Spectrograms
A spectrogram is processed as a matrix of real values but visualized as a grey-scale image. Each row of pixels is a frequency bin and each column of pixels is a time-frame. The value in each spectrogram/matrix cell (represented visually by one image pixel) is the acoustic intensity in decibels with respect to the background noise baseline. Note that the decibel values in a noise-reduced spectrogram are always positive.
Throughout AP you'll see references to spectrogram parameters, such as in the
parameters for generic recognizer algorithms.
They are FrameSize
, FrameStep
, WindowFunction
and BgNoiseThreshold
.
FrameSize
Sets the size of the FFT window used to make the spectrogram.

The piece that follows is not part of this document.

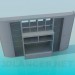 3D Modell Symmetrische Wandschrank - Vorschau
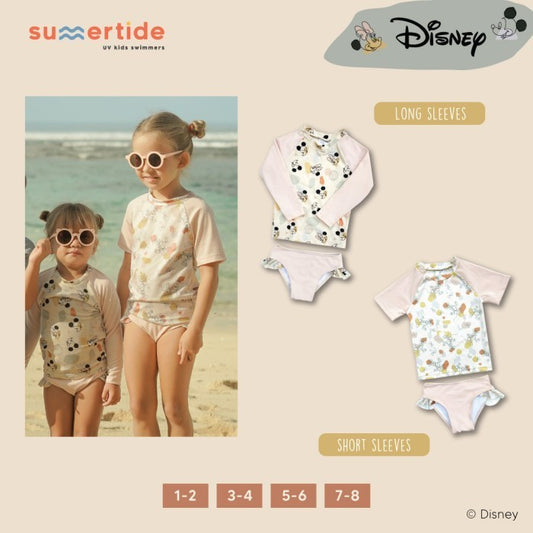 Summertide Disney Mickey & Minnie Mouse Girls Rash Guard Set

A good default value for detecting typical animal calls
is 512
. If your target syllable is of long duration with little temporal variation (e.g. a one-second long bird
whistle) then FrameSize
can be increased to 1024
or even 2048
.
Note
The value of FrameSize
must be a power of 2.
FrameSize
determines the time and frequency resolutions along the x-axis and y-axis (respectively) of the spectrogram.
There is a trade-off between these; that is, increasing the resolution of one will decrease the resolution of the other.

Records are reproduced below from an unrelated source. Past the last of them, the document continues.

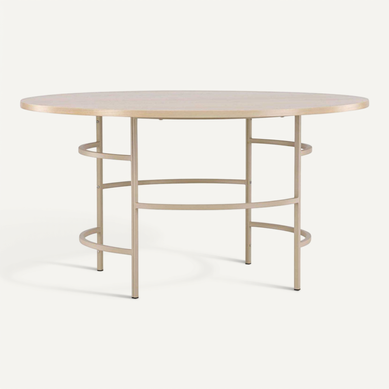 Table De Repas Ronde Ø140 Cm Copenhagen Beige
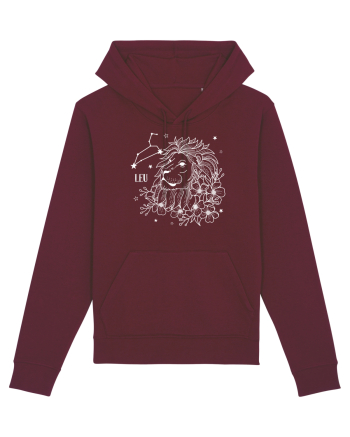 Zodiac Floral - Zodia Leu - pt culori inchise Burgundy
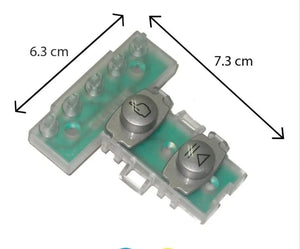 Boton o tarjeta de encendido para centro de lavado Mabe Mod. 189D2761G009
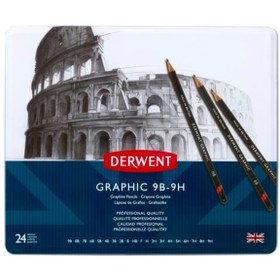 Resim Derwent Garphic Dereceli Kalem Seti - 24'lü 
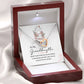 Granddaughter Necklace Gift – Heartfelt Message Card Inside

Finding the best compromise is really a matter of trial and error.
FrameStep
Sets the number of samples between the start of one frame and the next. Therefore it controls frame overlap.
FrameStep
must be less than FrameSize
but need not be a power of 2. By default FrameStep
equals FrameSize
but
it is frequently set to half the frame size.
Note
To capture more temporal variation in your target syllables, decrease FrameSize
and/or decrease FrameStep
.
WindowFunction
Sets the FFT window function. It can be one of the values from WindowFunctions. Hanning
is the
default because we find it the most versatile. There should never be a need to change this but you might like to try a
HAMMING` window if you are not satisfied with the appearance of your spectrograms.
BgNoiseThreshold
Sets the degree of severity of noise removal from the spectrogram. The "Bg" in BgNoiseThreshold
means background.
The units are decibels. Zero sets the least severe noise removal. This is the safest default value and probably does
not need to be changed. Increasing the value to say 3-4 decibels increases the likelihood that you will lose some
important components of your target calls. For more on the noise removal algorithm used by AP see
Towsey, Michael W. (2013) Noise removal from wave-forms and spectrograms derived from natural recordings of the environment..